#### ACTION ITEM
Leave out the pictures and repeat the data exactly.

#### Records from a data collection
__________

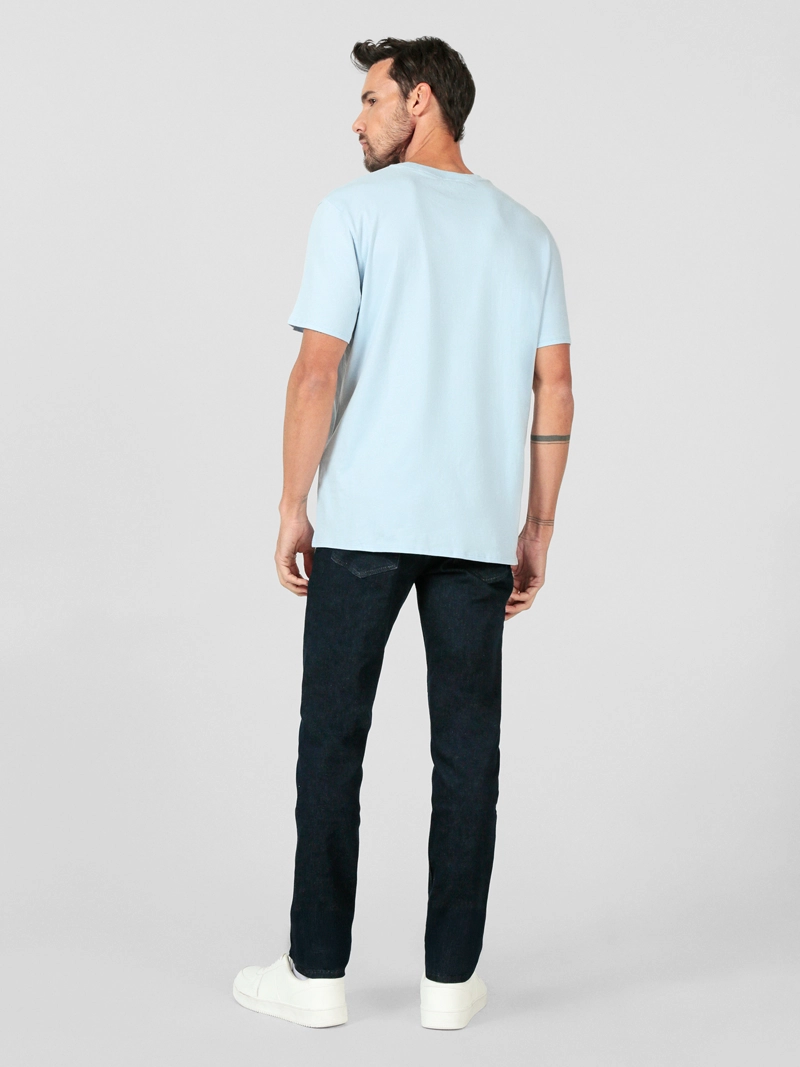 POLERA CON LOGO INVERTIDO - 4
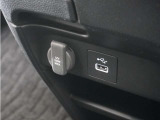 12V電源ソケット、USB接続端子!使いやすい場所に!装備が充実しています♪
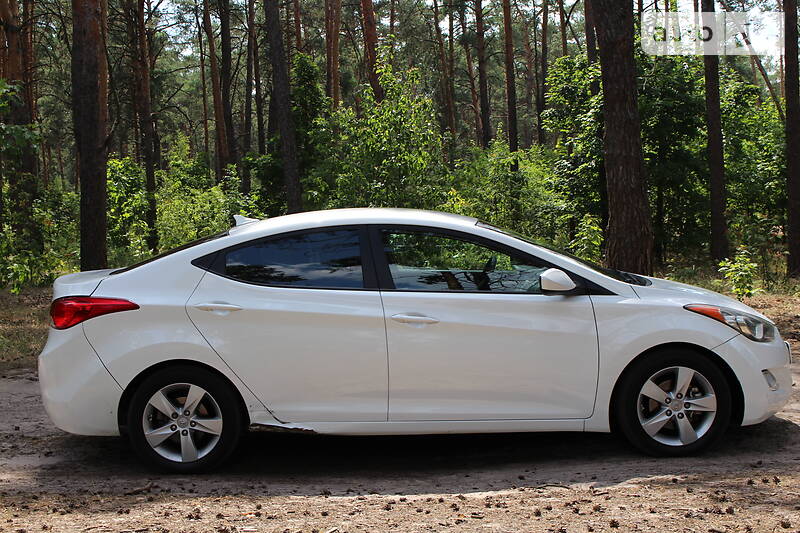 Седан Hyundai Elantra 2013 в Києві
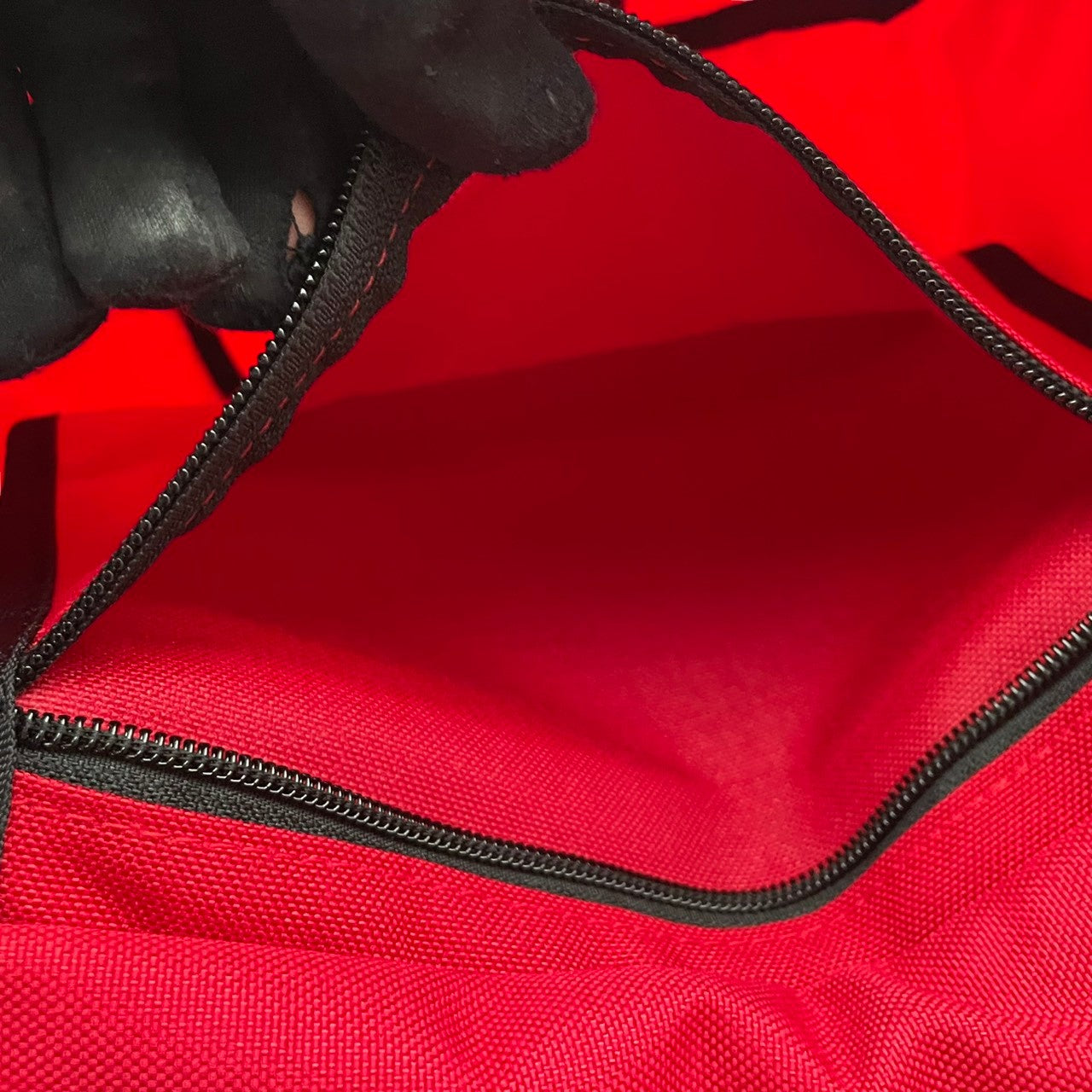美品 Manhattan Portage マンハッタンポーテージ メッセンジャーバッグ ショルダーバッグ ナイロン レッド×ブラック ユニセックス カジュアル 通勤 通学 デイリー ニューヨーク ストリート コーデュラ 斜め掛け s7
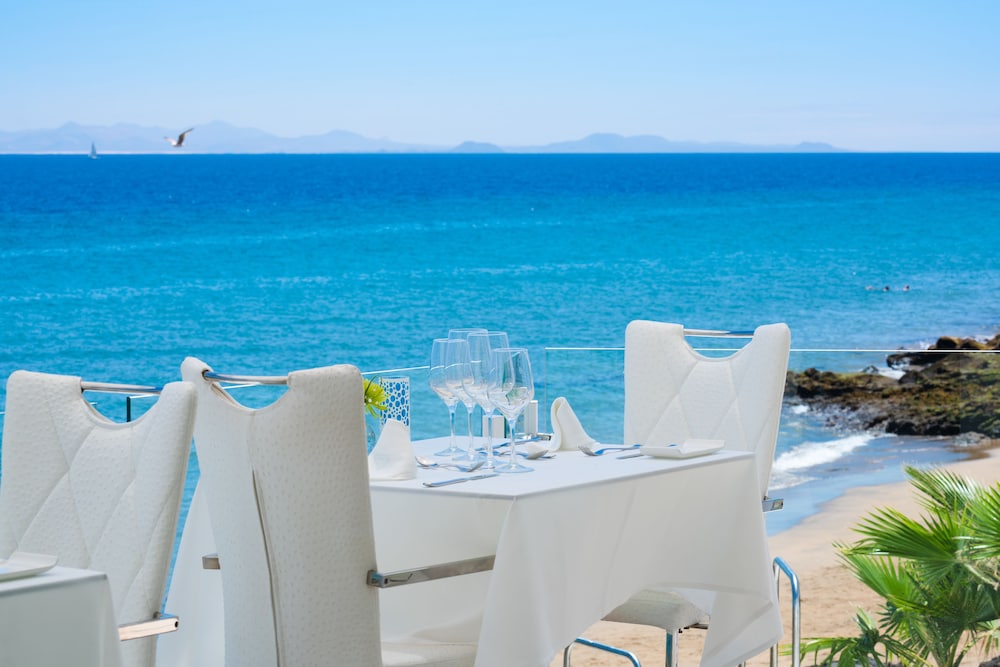 Lani's Suites de Luxe — Restaurant & bars in Puerto del Carmen, Canary Islands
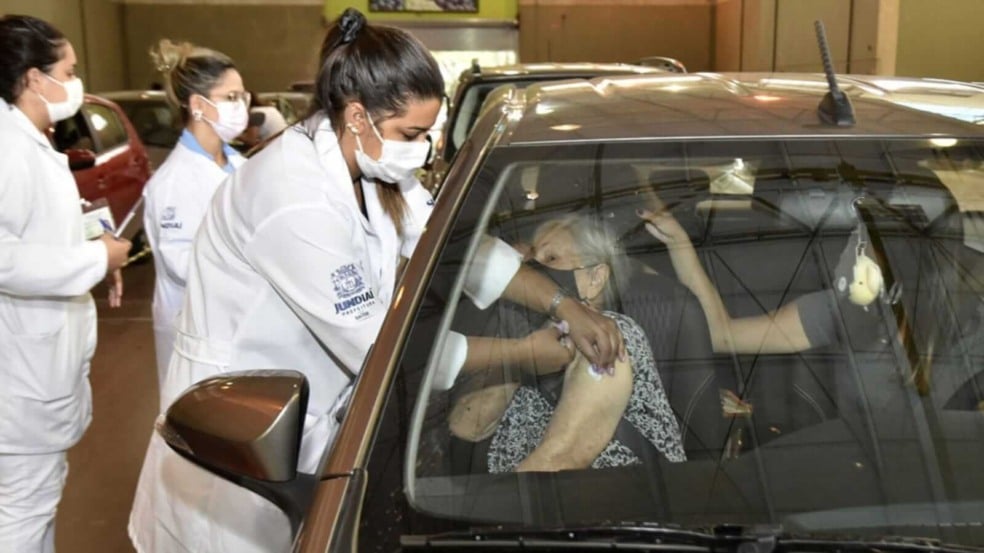 Vacinação via Drive-Thru em Jundiaí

__________

#### TASK RESULT
 POLERA CON LOGO INVERTIDO - 4
 12V電源ソケット、USB接続端子!使いやすい場所に!装備が充実しています♪
 Седан Hyundai Elantra 2013 в Києві
美品 Manhattan Portage マンハッタンポーテージ メッセンジャーバッグ ショルダーバッグ ナイロン レッド×ブラック ユニセックス カジュアル 通勤 通学 デイリー ニューヨーク ストリート コーデュラ 斜め掛け s7
 Lani's Suites de Luxe — Restaurant & bars in Puerto del Carmen, Canary Islands
 Vacinação via Drive-Thru em Jundiaí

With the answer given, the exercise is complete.